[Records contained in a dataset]
-- -- --
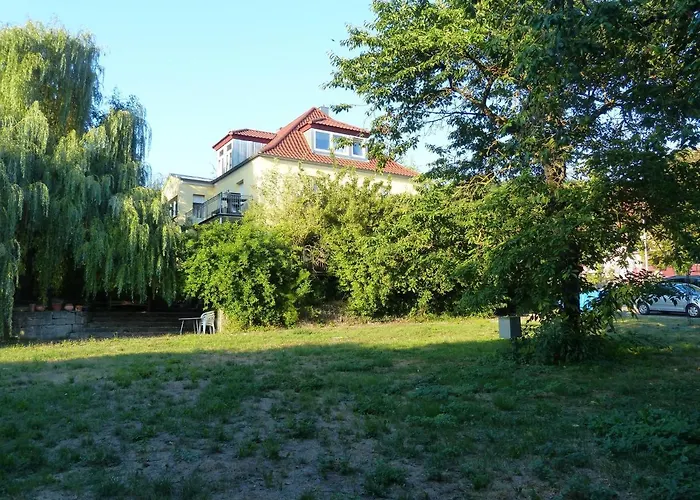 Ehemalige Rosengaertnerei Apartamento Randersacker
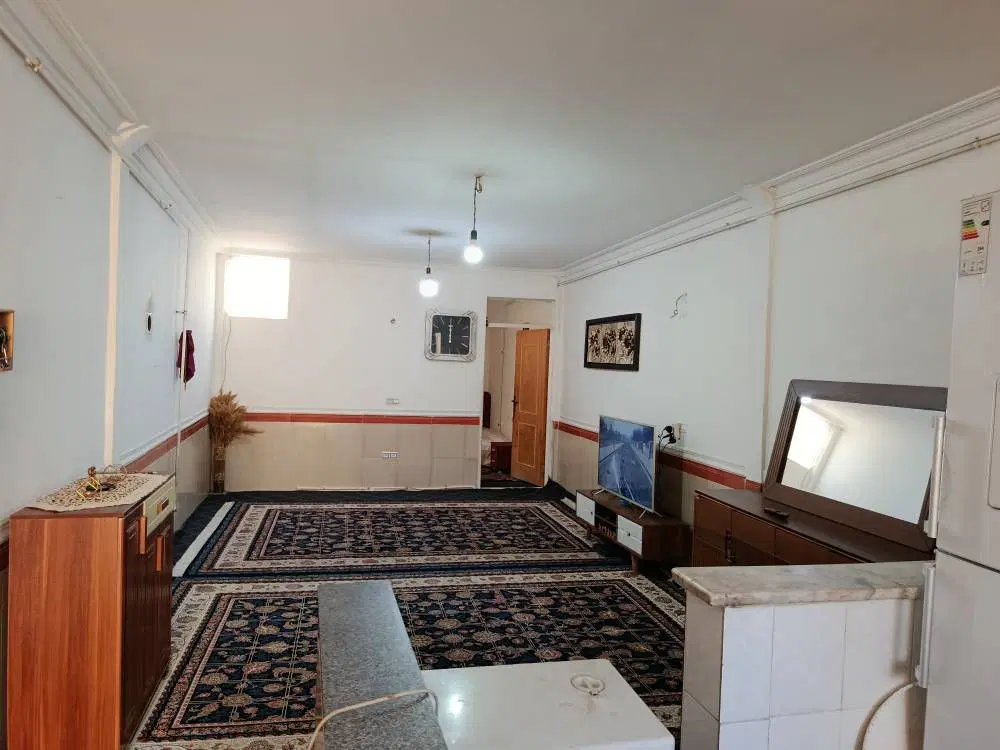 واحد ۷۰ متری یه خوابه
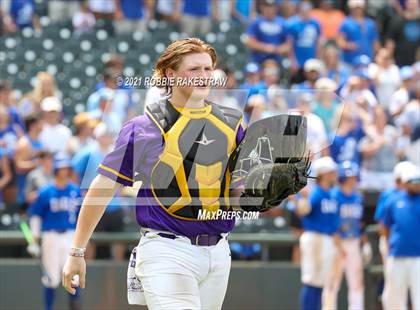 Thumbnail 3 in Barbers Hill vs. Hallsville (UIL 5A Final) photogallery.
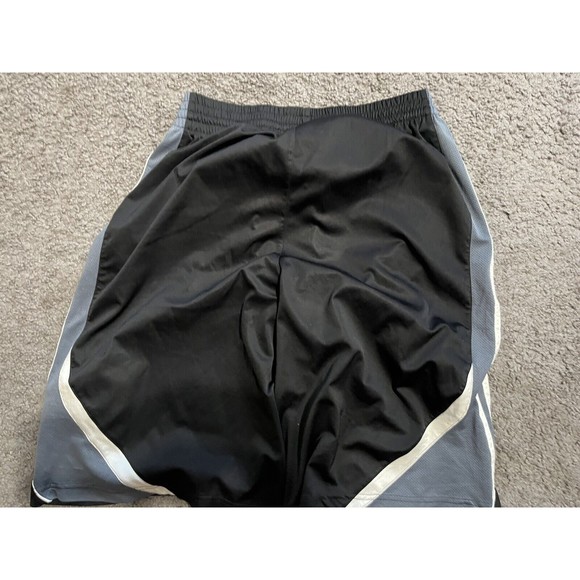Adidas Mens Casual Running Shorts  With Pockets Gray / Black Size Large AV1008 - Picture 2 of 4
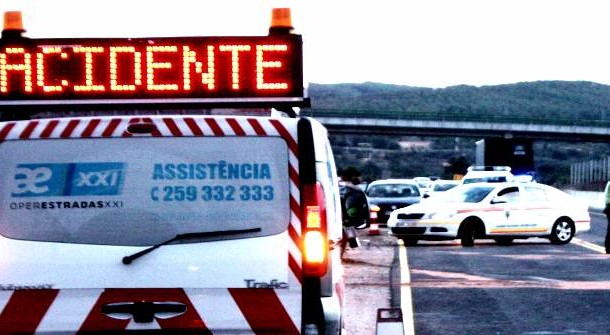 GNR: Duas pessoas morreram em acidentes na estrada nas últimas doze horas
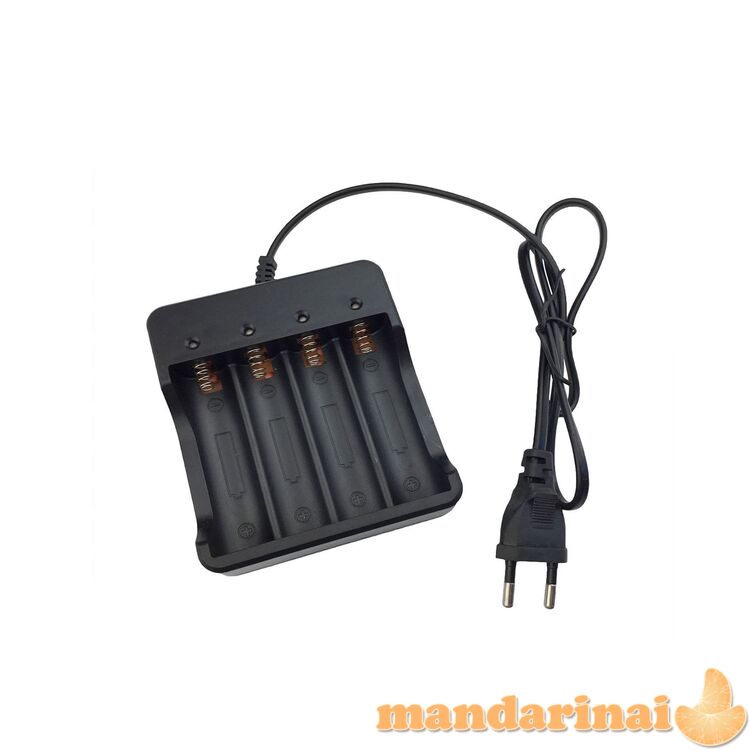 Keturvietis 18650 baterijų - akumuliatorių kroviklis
-- -- --
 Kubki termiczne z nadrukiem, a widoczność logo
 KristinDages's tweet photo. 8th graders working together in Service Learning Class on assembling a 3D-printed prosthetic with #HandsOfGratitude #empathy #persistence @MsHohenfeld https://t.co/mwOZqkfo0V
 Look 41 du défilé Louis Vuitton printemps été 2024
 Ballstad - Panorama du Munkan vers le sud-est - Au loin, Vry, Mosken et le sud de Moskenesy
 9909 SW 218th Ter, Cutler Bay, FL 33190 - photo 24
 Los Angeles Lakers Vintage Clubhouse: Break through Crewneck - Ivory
-- -- --
▶ _Task details_
Both the line above containing "Adidas Mens Casual" and the line containing "Keturvietis 18650 baterijų" belong in the copy, along with every line between them; print these exactly and omit the pictures.

▶ _Your solution_
Adidas Mens Casual Running Shorts  With Pockets Gray / Black Size Large AV1008 - Picture 2 of 4
 GNR: Duas pessoas morreram em acidentes na estrada nas últimas doze horas
 Keturvietis 18650 baterijų - akumuliatorių kroviklis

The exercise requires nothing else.